For each plant, use a hand trowel to dig a hole just deep enough for the root ball to fit. Or, dig slightly deeper if you're planning to partially bury any leggy stems. Either way, no shovel necessary! Use a ruler or tape measure for proper spacing (it's also fine to eyeball it). Your seedlings will seem pretty far apart at first, but before you know it, they'll be filling the entire plot with lush greenery, produce, or blooms.

Make sure the soil in their plugs or pots is moist before removing your seedlings. Then, gently pop the plants out by pushing on the hole in the bottom of the container with your finger, or use a butter knife or other tool if they're stuck. Carefully place them in their new homes, cover their roots with soil, and water immediately. You did it!

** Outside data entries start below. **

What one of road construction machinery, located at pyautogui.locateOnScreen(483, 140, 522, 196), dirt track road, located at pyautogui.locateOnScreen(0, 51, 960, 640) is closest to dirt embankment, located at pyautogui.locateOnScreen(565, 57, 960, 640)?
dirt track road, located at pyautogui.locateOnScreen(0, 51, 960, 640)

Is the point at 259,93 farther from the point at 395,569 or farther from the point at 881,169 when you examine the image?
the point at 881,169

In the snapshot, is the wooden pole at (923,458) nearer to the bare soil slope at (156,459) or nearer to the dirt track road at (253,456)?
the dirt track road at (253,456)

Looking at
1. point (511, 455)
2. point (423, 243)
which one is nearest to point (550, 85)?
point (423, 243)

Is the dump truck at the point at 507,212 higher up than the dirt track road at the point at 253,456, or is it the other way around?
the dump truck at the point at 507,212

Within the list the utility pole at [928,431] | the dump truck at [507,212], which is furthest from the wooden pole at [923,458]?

Look After Your Transplants

First things first: Sit back, relax, and admire your accomplishment. Thanks to you, those tiny seeds you bought last winter are now full-fledged plants! And you gave them just the right amount of TLC they needed to make it safely outside. Now, your plant parent role transitions more into maintenance mode.

  • Prepare for shock. Your plants may experience some level of transplant shock after transplanting. You prepared them the best you could, but it's still a big transition! Transplant shock may involve wilting, yellowing, or curling of leaves. Keep plants well-watered and wait patiently. Within a few days, they should be back to their peppy selves.
  • Continue to watch the weather. If temps suddenly dip, cover your plants with a large cloth—a bed sheet, drop cloth, or tarp will work—until the threat of damaging cold has passed. Support the covering with stakes to keep it from actually touching the plants.
  • Water and feed. And of course, continue watering your plant babies and providing proper nutrition to help them reach their maximum potential. About a month after planting, start feeding plants an all-purpose plant food such as Miracle-Gro® Water Soluble All Purpose Plant Food, which delivers an instant boost of optimal micronutrients, according to label directions.

Your little seedlings have come a long way since winter—and so have you. Later this summer, you can enjoy the fruits of your labor (pun totally intended) and even try your hand at succession planting for more homegrown goodness. For now, congratulate yourself on a successful seedling transplant!